From: Peter Constable (petercon@microsoft.com)
Date: Fri Apr 17 2009 - 09:34:49 CDT

Next message: James Cloos: "Re: Handling of Surrogates"

Previous message: Peter Constable: "RE: more dingbats in plain text"
In reply to: Mark Davis: "Re: Handling of Surrogates"
Next in thread: Philippe Verdy: "RE: Handling of Surrogates"
Messages sorted by: [ date ] [ thread ] [ subject ] [ author ] [ attachment ]
Mail actions: [ respond to this message ] [ mail a new topic ]

For U+1D41A, wouldn’t it matter how #3 gets interpreted? If that gets mapped to into a UTF-32BE byte sequence [0x00,0x00,0xd8,0x35,0x00,0x00,0xdc,0x1a] it seems to me that would not be good.

If #3 gets mapped into a UTF-32BE byte sequence of [0x00,0x01,0xd4,0x1a], or if it gets mapped into a UTF-16BE byte sequence of [0xd8,0x35,0xdc,0x1a], or the LE or UTF-8 equivalents, then that would be OK.

Peter

From: unicode-bounce@unicode.org [mailto:unicode-bounce@unicode.org] On Behalf Of Mark Davis
Sent: Thursday, April 16, 2009 2:56 PM
To: Asmus Freytag
Cc: Sam Mason; unicode@unicode.org
Subject: Re: Handling of Surrogates

I disagree somewhat, if I understand what you wrote.

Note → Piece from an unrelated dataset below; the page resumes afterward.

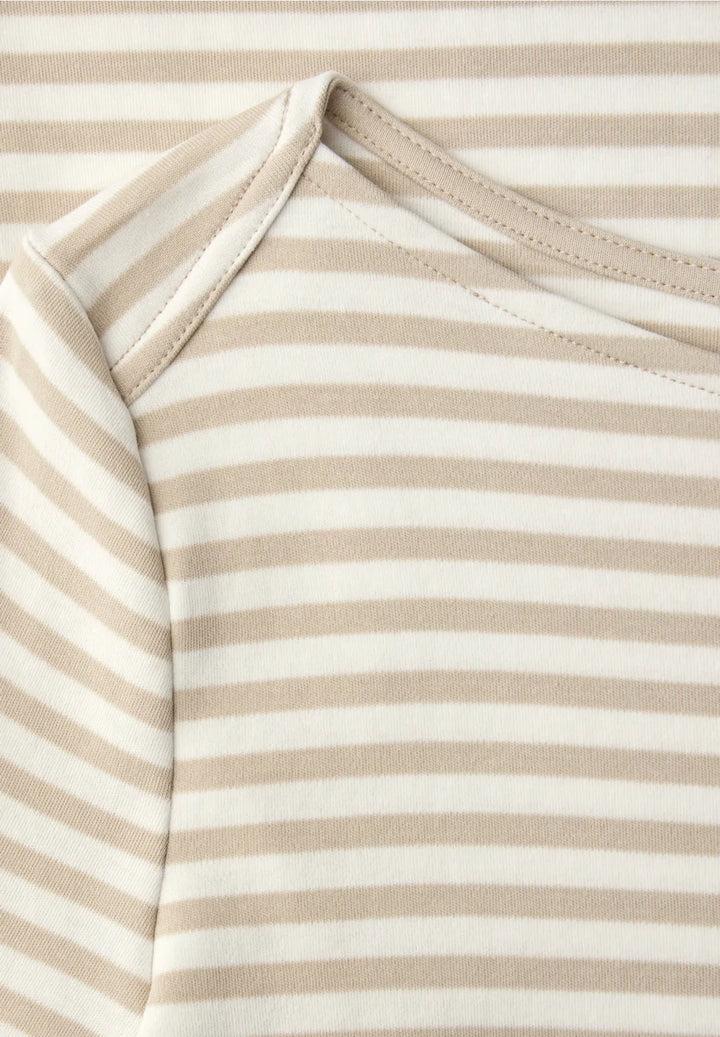 Street One Boat Neck Top In Cotton Beige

When the \u and \U conventions are used:

U+0061<http://unicode.org/cldr/utility/character.jsp?a=0061> ( a ) LATIN SMALL LETTER A could be represented as any of:

1. 'a'
2. \u0061
3. \U00000061
The use of #3 is a waste of space, but should not beillegal (except where \U is not available). Eg. http://unicode.org/cldr/utility/list-unicodeset.jsp?a=\U00000061

U+1D41A<http://unicode.org/cldr/utility/character.jsp?a=1D41A> ( 𝐚 ) MATHEMATICAL BOLD SMALL A could be represented as any of:

1. '𝐚'
2. \uD835\uDC1A
3. \U0000D835\U0000DC1A
4. \U0001D41A
Similarly #3 is a waste of space, but should not be illegal. #2 and #3 are discouraged where \U is available or UTF-16 is not used, but #2 is necessary where \U is not available (eg Java). [Myself, I like \x{...} escaping better, since it is more uniform. Having a terminator allows variable length.]

Mark

On Thu, Apr 16, 2009 at 13:04, Asmus Freytag <asmusf@ix.netcom.com<mailto:asmusf@ix.netcom.com>> wrote:
On 4/16/2009 12:04 PM, Sam Mason wrote:
Hi All,

I've got myself in a discussion about the correct handling of surrogate
pairs. The background is as follows; the Postgres database server[1]
currently assumes that the SQL it's receiving is in some user specified
encoding, and it's been proposed that it would be nicer to be able to
enter Unicode characters directly in the form of escape codes in a
similar form to Python, i.e. support would be added for:

'\uxxxx'
and
'\Uxxxxxxxx'

The currently proposed patch[2] specifically handles surrogate pairs
in the input. For example '\uD800\uDF02' and '\U00010302' would be
considered to be valid and identical strings containing exactly one
character. I was wondering if this should indeed be considered valid or
if an error should be returned instead.

As long as there are pairs of the surrogate code points provided as escape sequences, there's an unambiguous relation between each pair and a code point in the supplementary planes. So far, so good.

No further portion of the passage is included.